There is simply no way this is true. This would violate the options/transfers policy the Board put in place just a few years ago. They very deliberately got rid of neighborhood preference for option schools. There is no way they are going to create a special Key zone that is allowed to choose either immersion or neighborhood, while the rest of APS has to lottery into an immersion program.
There is a slight possibility that they are considering 'phasing out' immersion at Key. e.g. they will leave a few classes of 4th and 5th grade immersion, and everything below that will be lottery.
Well the whole mess was caused by the updates options/transfer policy they put in place, and they have the unhappy task of moving immersion from Key completely or doing this hybrid and planting immersion in other schools to meet demand and located where ELL live.
The east part of county needs more seats, I’m sure school board will entertain your solution, but they are trying to get those seats without disrupting existing classes.
Funny how people in the eastern part of the county are so concerned about their own children not being disrupted, yet have zero such concern about other kids when they blithely pronounce that Nottingham should be made an option school so immersion can go to ATS rather than Carlin Springs.

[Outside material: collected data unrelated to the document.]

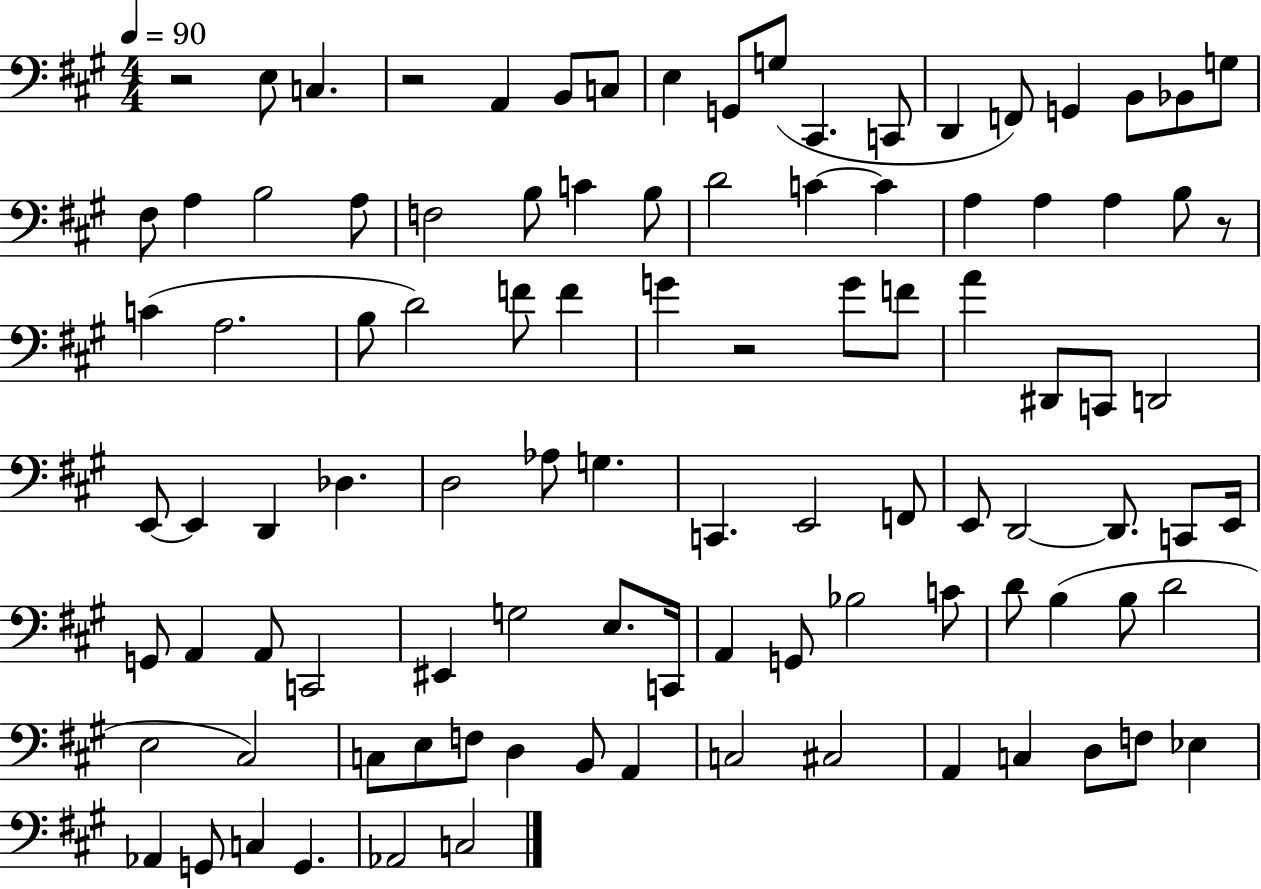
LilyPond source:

{
  \clef bass
  \numericTimeSignature
  \time 4/4
  \key a \major
  \tempo 4 = 90
  \repeat volta 2 { r2 e8 c4. | r2 a,4 b,8 c8 | e4 g,8 g8( cis,4. c,8 | d,4 f,8) g,4 b,8 bes,8 g8 | \break fis8 a4 b2 a8 | f2 b8 c'4 b8 | d'2 c'4~~ c'4 | a4 a4 a4 b8 r8 | \break c'4( a2. | b8 d'2) f'8 f'4 | g'4 r2 g'8 f'8 | a'4 dis,8 c,8 d,2 | \break e,8~~ e,4 d,4 des4. | d2 aes8 g4. | c,4. e,2 f,8 | e,8 d,2~~ d,8. c,8 e,16 | \break g,8 a,4 a,8 c,2 | eis,4 g2 e8. c,16 | a,4 g,8 bes2 c'8 | d'8 b4( b8 d'2 | \break e2 cis2) | c8 e8 f8 d4 b,8 a,4 | c2 cis2 | a,4 c4 d8 f8 ees4 | \break aes,4 g,8 c4 g,4. | aes,2 c2 | } \bar "|."
}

That’s not why they were exploring Nottingham as an option. It’s because after they build Reed as a neighborhood school, they will have an over abundance of seats in NW Arlington with overlapping walk zones and not enough money and land left to build them elsewhere in the near term where seats are more urgently needed. The NW part of Arlington isn’t likely to be upzoned or get a giant CAF anytime soon, meanwhile other areas in Arlington are exploding with kids and projected to trend in the same way. If that data is correct, how do they utilize seats effectively if they are all neighborhood? Do they make a bunch of crazy Ashlawn-type boundaries, resulting in a lot of busing anyway, or do they try to minimize bus routes at some highly walkable neighborhood schools and move options programs into adjacent schools? Caveat: their data might be crap. However, now that they are actually using more appropriate student generation factors linked to housing types, I don’t think it is as incorrect or incomplete. Also, I am not sure how they arrived at Nottingham as the school rather than one of the others, but I understand why they were going through that exercise.